BEGIN
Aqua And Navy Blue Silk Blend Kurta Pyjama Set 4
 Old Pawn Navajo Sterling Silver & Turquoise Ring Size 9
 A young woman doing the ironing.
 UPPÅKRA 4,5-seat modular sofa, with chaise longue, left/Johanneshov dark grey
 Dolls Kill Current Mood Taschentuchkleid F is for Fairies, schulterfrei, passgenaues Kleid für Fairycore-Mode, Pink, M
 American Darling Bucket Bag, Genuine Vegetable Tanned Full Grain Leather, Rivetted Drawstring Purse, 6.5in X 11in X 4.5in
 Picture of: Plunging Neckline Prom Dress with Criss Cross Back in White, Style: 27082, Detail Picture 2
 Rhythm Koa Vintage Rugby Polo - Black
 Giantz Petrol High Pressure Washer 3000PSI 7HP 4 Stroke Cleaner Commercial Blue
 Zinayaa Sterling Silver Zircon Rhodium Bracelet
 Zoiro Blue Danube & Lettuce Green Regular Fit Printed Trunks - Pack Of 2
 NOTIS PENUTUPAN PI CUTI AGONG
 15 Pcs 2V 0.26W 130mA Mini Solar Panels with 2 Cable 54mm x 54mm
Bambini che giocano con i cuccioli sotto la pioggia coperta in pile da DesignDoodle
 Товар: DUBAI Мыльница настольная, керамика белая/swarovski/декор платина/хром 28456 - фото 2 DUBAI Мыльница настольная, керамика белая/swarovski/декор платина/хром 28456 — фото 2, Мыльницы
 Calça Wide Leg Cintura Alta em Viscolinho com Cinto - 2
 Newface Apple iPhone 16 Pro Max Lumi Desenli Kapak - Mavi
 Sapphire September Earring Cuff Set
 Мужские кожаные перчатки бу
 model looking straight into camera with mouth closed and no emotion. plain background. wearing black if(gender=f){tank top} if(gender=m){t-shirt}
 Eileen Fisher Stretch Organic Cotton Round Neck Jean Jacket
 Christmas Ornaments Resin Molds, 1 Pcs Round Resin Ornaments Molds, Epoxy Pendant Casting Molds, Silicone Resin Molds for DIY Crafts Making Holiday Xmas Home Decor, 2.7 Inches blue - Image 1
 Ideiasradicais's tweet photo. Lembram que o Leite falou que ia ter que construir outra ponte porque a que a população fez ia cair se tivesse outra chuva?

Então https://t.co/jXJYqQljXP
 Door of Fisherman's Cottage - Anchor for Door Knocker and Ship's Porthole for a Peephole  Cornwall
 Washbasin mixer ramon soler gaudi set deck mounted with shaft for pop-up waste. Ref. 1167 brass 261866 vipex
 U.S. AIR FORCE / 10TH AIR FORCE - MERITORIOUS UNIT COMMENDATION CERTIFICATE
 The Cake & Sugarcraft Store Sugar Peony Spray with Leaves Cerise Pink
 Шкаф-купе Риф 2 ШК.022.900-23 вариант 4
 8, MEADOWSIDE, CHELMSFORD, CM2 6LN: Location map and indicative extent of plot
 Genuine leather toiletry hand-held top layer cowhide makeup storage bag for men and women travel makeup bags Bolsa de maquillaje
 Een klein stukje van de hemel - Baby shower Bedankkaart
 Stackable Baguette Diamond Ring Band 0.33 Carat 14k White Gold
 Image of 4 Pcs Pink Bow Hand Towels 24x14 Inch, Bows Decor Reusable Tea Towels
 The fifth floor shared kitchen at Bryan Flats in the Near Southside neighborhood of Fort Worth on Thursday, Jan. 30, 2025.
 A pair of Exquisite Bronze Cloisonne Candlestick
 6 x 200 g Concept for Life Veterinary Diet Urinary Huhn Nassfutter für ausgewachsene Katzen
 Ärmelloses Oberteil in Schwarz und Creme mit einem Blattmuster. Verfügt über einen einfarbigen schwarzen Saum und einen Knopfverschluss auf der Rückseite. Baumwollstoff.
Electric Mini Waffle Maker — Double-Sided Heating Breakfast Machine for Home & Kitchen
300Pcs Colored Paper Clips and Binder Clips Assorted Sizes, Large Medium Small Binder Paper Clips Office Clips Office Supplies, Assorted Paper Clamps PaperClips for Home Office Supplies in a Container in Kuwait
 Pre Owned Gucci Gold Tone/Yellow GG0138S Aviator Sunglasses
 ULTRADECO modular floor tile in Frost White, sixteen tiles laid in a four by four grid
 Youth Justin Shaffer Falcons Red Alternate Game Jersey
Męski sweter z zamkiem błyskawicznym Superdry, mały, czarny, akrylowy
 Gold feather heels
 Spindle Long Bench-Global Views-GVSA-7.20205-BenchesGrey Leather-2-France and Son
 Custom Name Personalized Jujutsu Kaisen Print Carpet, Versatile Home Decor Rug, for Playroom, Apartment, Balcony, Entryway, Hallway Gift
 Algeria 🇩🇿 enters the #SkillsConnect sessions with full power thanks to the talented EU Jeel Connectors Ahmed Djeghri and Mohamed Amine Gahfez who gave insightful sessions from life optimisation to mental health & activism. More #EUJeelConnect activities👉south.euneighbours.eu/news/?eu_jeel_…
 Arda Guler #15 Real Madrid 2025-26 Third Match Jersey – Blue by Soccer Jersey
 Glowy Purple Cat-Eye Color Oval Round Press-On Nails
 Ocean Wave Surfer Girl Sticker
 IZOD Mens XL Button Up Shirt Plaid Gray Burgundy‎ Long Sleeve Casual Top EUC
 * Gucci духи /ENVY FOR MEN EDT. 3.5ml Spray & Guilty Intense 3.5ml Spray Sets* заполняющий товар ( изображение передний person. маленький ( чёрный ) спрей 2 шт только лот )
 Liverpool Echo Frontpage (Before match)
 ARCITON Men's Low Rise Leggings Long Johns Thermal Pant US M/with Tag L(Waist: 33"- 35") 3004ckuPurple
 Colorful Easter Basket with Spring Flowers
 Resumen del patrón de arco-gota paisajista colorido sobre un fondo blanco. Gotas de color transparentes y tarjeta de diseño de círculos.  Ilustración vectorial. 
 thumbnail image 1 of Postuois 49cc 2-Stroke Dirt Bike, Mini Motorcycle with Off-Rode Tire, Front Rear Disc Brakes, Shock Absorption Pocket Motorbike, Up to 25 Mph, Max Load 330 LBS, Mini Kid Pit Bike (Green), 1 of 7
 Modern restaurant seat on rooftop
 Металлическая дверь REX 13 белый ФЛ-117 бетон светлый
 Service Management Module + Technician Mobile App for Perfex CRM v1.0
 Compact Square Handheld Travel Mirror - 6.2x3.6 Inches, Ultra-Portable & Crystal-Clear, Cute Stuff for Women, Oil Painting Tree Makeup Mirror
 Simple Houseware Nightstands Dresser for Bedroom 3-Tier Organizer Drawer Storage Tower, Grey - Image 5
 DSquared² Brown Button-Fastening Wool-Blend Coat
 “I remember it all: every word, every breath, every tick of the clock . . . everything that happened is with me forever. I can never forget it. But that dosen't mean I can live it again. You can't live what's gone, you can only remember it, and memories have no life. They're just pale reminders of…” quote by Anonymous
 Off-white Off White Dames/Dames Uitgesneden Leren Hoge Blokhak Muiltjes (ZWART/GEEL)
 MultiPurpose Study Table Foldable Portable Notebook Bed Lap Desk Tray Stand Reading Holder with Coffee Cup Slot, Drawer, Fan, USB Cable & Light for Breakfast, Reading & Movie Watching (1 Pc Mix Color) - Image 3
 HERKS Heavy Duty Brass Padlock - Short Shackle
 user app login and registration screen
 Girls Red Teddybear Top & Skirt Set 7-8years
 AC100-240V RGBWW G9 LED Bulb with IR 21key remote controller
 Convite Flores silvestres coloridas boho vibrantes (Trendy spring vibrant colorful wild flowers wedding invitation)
END
### ASSIGNMENT
All of the entries above need to be set down again exactly.

### OUTPUT FOR THIS TASK
Aqua And Navy Blue Silk Blend Kurta Pyjama Set 4
 Old Pawn Navajo Sterling Silver & Turquoise Ring Size 9
 A young woman doing the ironing.
 UPPÅKRA 4,5-seat modular sofa, with chaise longue, left/Johanneshov dark grey
 Dolls Kill Current Mood Taschentuchkleid F is for Fairies, schulterfrei, passgenaues Kleid für Fairycore-Mode, Pink, M
 American Darling Bucket Bag, Genuine Vegetable Tanned Full Grain Leather, Rivetted Drawstring Purse, 6.5in X 11in X 4.5in
 Picture of: Plunging Neckline Prom Dress with Criss Cross Back in White, Style: 27082, Detail Picture 2
 Rhythm Koa Vintage Rugby Polo - Black
 Giantz Petrol High Pressure Washer 3000PSI 7HP 4 Stroke Cleaner Commercial Blue
 Zinayaa Sterling Silver Zircon Rhodium Bracelet
 Zoiro Blue Danube & Lettuce Green Regular Fit Printed Trunks - Pack Of 2
 NOTIS PENUTUPAN PI CUTI AGONG
 15 Pcs 2V 0.26W 130mA Mini Solar Panels with 2 Cable 54mm x 54mm
Bambini che giocano con i cuccioli sotto la pioggia coperta in pile da DesignDoodle
 Товар: DUBAI Мыльница настольная, керамика белая/swarovski/декор платина/хром 28456 - фото 2 DUBAI Мыльница настольная, керамика белая/swarovski/декор платина/хром 28456 — фото 2, Мыльницы
 Calça Wide Leg Cintura Alta em Viscolinho com Cinto - 2
 Newface Apple iPhone 16 Pro Max Lumi Desenli Kapak - Mavi
 Sapphire September Earring Cuff Set
 Мужские кожаные перчатки бу
 model looking straight into camera with mouth closed and no emotion. plain background. wearing black if(gender=f){tank top} if(gender=m){t-shirt}
 Eileen Fisher Stretch Organic Cotton Round Neck Jean Jacket
 Christmas Ornaments Resin Molds, 1 Pcs Round Resin Ornaments Molds, Epoxy Pendant Casting Molds, Silicone Resin Molds for DIY Crafts Making Holiday Xmas Home Decor, 2.7 Inches blue - Image 1
 Ideiasradicais's tweet photo. Lembram que o Leite falou que ia ter que construir outra ponte porque a que a população fez ia cair se tivesse outra chuva?

Então https://t.co/jXJYqQljXP
 Door of Fisherman's Cottage - Anchor for Door Knocker and Ship's Porthole for a Peephole  Cornwall
 Washbasin mixer ramon soler gaudi set deck mounted with shaft for pop-up waste. Ref. 1167 brass 261866 vipex
 U.S. AIR FORCE / 10TH AIR FORCE - MERITORIOUS UNIT COMMENDATION CERTIFICATE
 The Cake & Sugarcraft Store Sugar Peony Spray with Leaves Cerise Pink
 Шкаф-купе Риф 2 ШК.022.900-23 вариант 4
 8, MEADOWSIDE, CHELMSFORD, CM2 6LN: Location map and indicative extent of plot
 Genuine leather toiletry hand-held top layer cowhide makeup storage bag for men and women travel makeup bags Bolsa de maquillaje
 Een klein stukje van de hemel - Baby shower Bedankkaart
 Stackable Baguette Diamond Ring Band 0.33 Carat 14k White Gold
 Image of 4 Pcs Pink Bow Hand Towels 24x14 Inch, Bows Decor Reusable Tea Towels
 The fifth floor shared kitchen at Bryan Flats in the Near Southside neighborhood of Fort Worth on Thursday, Jan. 30, 2025.
 A pair of Exquisite Bronze Cloisonne Candlestick
 6 x 200 g Concept for Life Veterinary Diet Urinary Huhn Nassfutter für ausgewachsene Katzen
 Ärmelloses Oberteil in Schwarz und Creme mit einem Blattmuster. Verfügt über einen einfarbigen schwarzen Saum und einen Knopfverschluss auf der Rückseite. Baumwollstoff.
Electric Mini Waffle Maker — Double-Sided Heating Breakfast Machine for Home & Kitchen
300Pcs Colored Paper Clips and Binder Clips Assorted Sizes, Large Medium Small Binder Paper Clips Office Clips Office Supplies, Assorted Paper Clamps PaperClips for Home Office Supplies in a Container in Kuwait
 Pre Owned Gucci Gold Tone/Yellow GG0138S Aviator Sunglasses
 ULTRADECO modular floor tile in Frost White, sixteen tiles laid in a four by four grid
 Youth Justin Shaffer Falcons Red Alternate Game Jersey
Męski sweter z zamkiem błyskawicznym Superdry, mały, czarny, akrylowy
 Gold feather heels
 Spindle Long Bench-Global Views-GVSA-7.20205-BenchesGrey Leather-2-France and Son
 Custom Name Personalized Jujutsu Kaisen Print Carpet, Versatile Home Decor Rug, for Playroom, Apartment, Balcony, Entryway, Hallway Gift
 Algeria 🇩🇿 enters the #SkillsConnect sessions with full power thanks to the talented EU Jeel Connectors Ahmed Djeghri and Mohamed Amine Gahfez who gave insightful sessions from life optimisation to mental health & activism. More #EUJeelConnect activities👉south.euneighbours.eu/news/?eu_jeel_…
 Arda Guler #15 Real Madrid 2025-26 Third Match Jersey – Blue by Soccer Jersey
 Glowy Purple Cat-Eye Color Oval Round Press-On Nails
 Ocean Wave Surfer Girl Sticker
 IZOD Mens XL Button Up Shirt Plaid Gray Burgundy‎ Long Sleeve Casual Top EUC
 * Gucci духи /ENVY FOR MEN EDT. 3.5ml Spray & Guilty Intense 3.5ml Spray Sets* заполняющий товар ( изображение передний person. маленький ( чёрный ) спрей 2 шт только лот )
 Liverpool Echo Frontpage (Before match)
 ARCITON Men's Low Rise Leggings Long Johns Thermal Pant US M/with Tag L(Waist: 33"- 35") 3004ckuPurple
 Colorful Easter Basket with Spring Flowers
 Resumen del patrón de arco-gota paisajista colorido sobre un fondo blanco. Gotas de color transparentes y tarjeta de diseño de círculos.  Ilustración vectorial. 
 thumbnail image 1 of Postuois 49cc 2-Stroke Dirt Bike, Mini Motorcycle with Off-Rode Tire, Front Rear Disc Brakes, Shock Absorption Pocket Motorbike, Up to 25 Mph, Max Load 330 LBS, Mini Kid Pit Bike (Green), 1 of 7
 Modern restaurant seat on rooftop
 Металлическая дверь REX 13 белый ФЛ-117 бетон светлый
 Service Management Module + Technician Mobile App for Perfex CRM v1.0
 Compact Square Handheld Travel Mirror - 6.2x3.6 Inches, Ultra-Portable & Crystal-Clear, Cute Stuff for Women, Oil Painting Tree Makeup Mirror
 Simple Houseware Nightstands Dresser for Bedroom 3-Tier Organizer Drawer Storage Tower, Grey - Image 5
 DSquared² Brown Button-Fastening Wool-Blend Coat
 “I remember it all: every word, every breath, every tick of the clock . . . everything that happened is with me forever. I can never forget it. But that dosen't mean I can live it again. You can't live what's gone, you can only remember it, and memories have no life. They're just pale reminders of…” quote by Anonymous
 Off-white Off White Dames/Dames Uitgesneden Leren Hoge Blokhak Muiltjes (ZWART/GEEL)
 MultiPurpose Study Table Foldable Portable Notebook Bed Lap Desk Tray Stand Reading Holder with Coffee Cup Slot, Drawer, Fan, USB Cable & Light for Breakfast, Reading & Movie Watching (1 Pc Mix Color) - Image 3
 HERKS Heavy Duty Brass Padlock - Short Shackle
 user app login and registration screen
 Girls Red Teddybear Top & Skirt Set 7-8years
 AC100-240V RGBWW G9 LED Bulb with IR 21key remote controller
 Convite Flores silvestres coloridas boho vibrantes (Trendy spring vibrant colorful wild flowers wedding invitation)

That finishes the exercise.